Source material: Begin

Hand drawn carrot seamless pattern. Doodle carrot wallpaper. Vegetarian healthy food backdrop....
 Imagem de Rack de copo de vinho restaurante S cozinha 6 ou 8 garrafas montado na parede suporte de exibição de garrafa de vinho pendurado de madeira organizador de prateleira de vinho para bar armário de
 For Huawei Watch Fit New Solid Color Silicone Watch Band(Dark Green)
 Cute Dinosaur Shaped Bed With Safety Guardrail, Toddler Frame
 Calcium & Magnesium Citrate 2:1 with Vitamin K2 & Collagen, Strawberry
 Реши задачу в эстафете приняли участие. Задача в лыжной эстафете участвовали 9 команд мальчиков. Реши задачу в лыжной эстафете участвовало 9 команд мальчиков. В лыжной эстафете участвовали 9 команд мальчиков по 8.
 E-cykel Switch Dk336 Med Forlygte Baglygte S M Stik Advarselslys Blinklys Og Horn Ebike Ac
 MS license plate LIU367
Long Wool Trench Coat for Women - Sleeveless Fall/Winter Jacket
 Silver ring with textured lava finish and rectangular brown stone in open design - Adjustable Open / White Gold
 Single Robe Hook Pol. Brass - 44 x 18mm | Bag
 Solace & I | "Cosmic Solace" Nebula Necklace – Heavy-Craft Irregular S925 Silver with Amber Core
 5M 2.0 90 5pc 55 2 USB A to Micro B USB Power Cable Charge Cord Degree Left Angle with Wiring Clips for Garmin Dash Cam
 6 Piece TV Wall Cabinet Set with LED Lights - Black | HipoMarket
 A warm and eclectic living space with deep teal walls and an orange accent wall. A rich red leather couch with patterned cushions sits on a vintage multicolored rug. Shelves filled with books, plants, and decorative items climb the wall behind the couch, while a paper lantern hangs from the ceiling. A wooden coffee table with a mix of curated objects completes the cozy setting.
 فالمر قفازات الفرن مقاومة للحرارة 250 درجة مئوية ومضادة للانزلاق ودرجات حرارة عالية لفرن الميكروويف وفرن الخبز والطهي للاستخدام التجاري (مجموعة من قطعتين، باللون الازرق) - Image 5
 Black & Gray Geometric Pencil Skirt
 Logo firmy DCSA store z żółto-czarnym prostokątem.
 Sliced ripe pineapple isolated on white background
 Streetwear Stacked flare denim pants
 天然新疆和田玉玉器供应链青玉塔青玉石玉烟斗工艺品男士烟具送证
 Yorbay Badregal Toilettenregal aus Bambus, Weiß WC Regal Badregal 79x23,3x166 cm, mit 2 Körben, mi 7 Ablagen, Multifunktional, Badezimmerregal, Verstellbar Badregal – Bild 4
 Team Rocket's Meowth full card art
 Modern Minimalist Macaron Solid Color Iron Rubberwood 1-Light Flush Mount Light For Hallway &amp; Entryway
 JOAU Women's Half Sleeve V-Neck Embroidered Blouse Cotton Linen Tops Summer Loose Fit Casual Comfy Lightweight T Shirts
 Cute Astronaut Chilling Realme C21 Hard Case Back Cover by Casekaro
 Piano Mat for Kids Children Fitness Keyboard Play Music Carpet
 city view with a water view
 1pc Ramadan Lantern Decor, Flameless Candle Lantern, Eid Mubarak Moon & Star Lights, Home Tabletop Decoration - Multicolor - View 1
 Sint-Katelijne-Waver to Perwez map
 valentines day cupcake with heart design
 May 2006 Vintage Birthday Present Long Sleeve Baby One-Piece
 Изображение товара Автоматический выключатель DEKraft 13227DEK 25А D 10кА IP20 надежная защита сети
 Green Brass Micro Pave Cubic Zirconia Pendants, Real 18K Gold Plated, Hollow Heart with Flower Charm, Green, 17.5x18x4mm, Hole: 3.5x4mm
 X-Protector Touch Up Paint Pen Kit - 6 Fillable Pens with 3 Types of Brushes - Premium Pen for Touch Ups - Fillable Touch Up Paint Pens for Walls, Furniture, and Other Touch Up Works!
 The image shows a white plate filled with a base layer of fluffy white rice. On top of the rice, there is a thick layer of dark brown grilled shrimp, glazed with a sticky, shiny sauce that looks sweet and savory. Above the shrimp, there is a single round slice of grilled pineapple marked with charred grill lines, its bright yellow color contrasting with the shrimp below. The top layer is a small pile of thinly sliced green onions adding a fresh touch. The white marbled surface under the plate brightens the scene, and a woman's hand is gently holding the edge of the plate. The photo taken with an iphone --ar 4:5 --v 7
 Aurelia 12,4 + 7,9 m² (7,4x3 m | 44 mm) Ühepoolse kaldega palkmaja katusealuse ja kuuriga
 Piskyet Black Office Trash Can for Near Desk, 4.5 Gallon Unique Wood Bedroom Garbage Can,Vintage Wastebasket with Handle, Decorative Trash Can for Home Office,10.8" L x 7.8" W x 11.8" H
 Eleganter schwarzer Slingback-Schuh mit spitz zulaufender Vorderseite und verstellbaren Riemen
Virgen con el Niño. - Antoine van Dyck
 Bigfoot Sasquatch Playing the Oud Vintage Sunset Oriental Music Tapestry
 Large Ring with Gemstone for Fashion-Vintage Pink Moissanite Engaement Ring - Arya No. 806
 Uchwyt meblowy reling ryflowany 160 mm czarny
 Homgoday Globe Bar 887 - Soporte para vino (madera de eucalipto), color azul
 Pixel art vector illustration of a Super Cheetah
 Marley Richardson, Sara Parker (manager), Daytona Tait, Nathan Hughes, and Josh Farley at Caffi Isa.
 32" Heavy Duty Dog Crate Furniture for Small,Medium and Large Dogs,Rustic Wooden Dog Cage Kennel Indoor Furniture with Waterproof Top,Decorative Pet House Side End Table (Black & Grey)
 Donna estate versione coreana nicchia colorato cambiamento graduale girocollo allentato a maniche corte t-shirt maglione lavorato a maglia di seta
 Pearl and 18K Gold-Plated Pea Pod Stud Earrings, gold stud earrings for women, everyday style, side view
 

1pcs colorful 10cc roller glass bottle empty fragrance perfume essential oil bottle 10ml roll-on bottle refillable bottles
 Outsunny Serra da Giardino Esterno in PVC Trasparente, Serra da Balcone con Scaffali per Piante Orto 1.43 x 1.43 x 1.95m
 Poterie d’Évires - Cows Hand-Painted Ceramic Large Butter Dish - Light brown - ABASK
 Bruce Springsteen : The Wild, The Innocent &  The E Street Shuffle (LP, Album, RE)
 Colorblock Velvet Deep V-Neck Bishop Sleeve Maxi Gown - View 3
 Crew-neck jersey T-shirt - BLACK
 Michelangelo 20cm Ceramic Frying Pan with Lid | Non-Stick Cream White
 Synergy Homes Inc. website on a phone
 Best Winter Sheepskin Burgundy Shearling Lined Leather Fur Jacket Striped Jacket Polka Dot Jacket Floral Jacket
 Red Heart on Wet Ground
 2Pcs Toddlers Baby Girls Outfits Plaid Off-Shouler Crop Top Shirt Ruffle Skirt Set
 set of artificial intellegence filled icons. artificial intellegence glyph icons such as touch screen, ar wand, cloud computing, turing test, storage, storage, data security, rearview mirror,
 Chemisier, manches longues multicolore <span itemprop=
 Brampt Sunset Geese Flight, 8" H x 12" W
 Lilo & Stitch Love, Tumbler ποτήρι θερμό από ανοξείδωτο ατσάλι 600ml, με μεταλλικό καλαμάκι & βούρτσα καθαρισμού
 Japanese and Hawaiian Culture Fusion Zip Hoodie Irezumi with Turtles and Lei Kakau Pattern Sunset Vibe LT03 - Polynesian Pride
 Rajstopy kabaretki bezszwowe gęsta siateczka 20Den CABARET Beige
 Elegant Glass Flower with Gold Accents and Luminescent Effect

Source material: End

**The task:**
Wherever a line of the entries holds the string "Piece", copy that line.

**Task result:**
 6 Piece TV Wall Cabinet Set with LED Lights - Black | HipoMarket
 May 2006 Vintage Birthday Present Long Sleeve Baby One-Piece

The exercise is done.